==== SUPPLIED MATERIAL ====

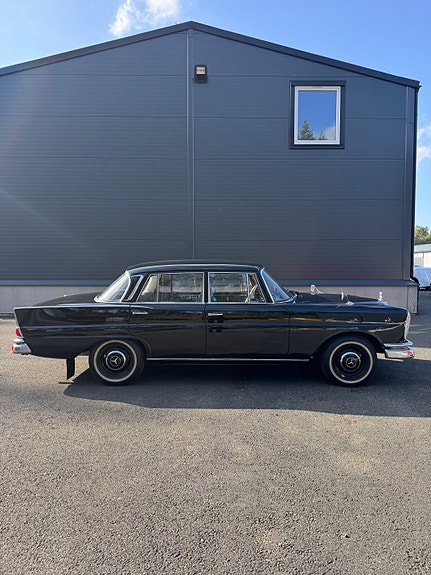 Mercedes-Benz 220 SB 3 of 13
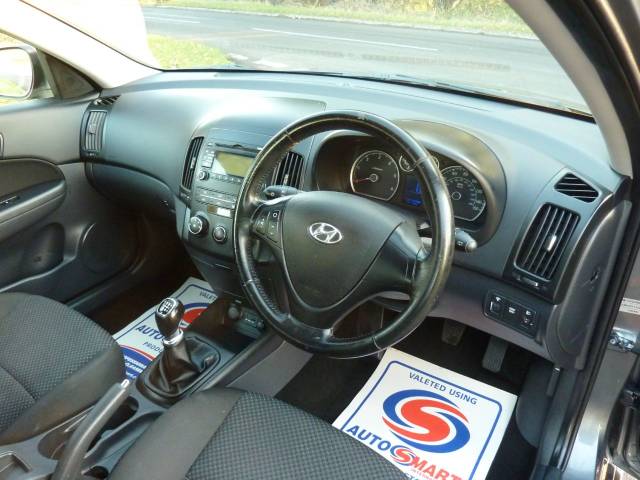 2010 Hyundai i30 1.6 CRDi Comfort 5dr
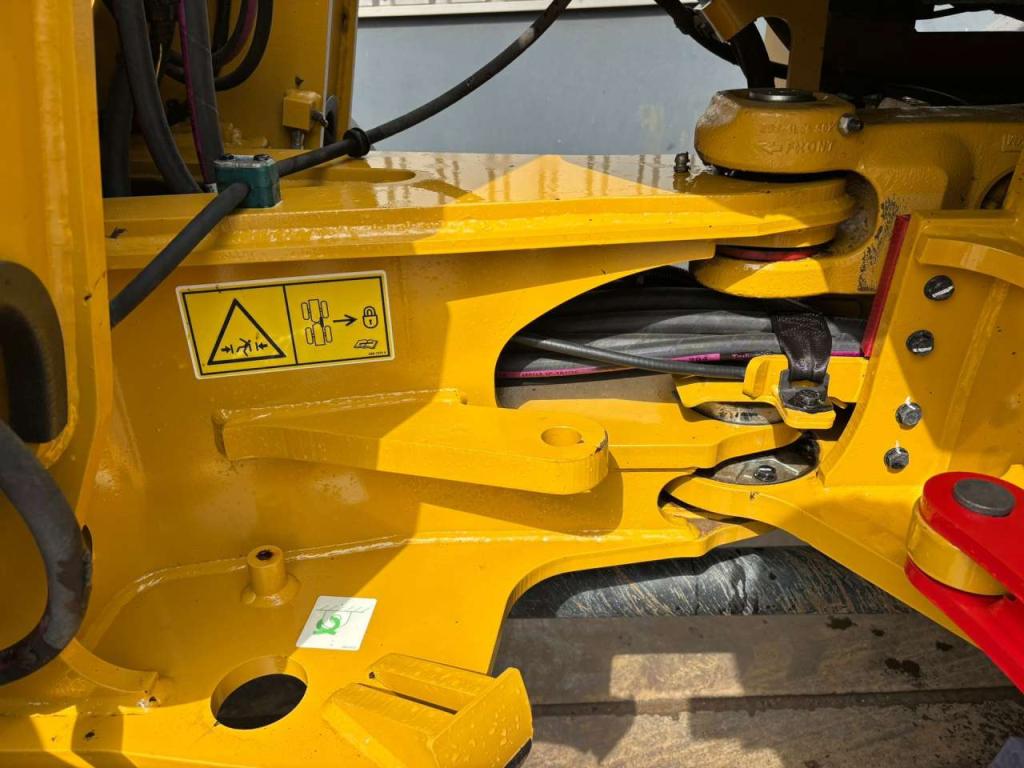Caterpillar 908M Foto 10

====

__TASK REQUIREMENTS__
Restate word for word the lines from the one with "2010 Hyundai i30 1.6 CRDi Comfort 5dr" to the end of the material, both included. Do not include the pictures.

__THE ANSWER__
 2010 Hyundai i30 1.6 CRDi Comfort 5dr
Caterpillar 908M Foto 10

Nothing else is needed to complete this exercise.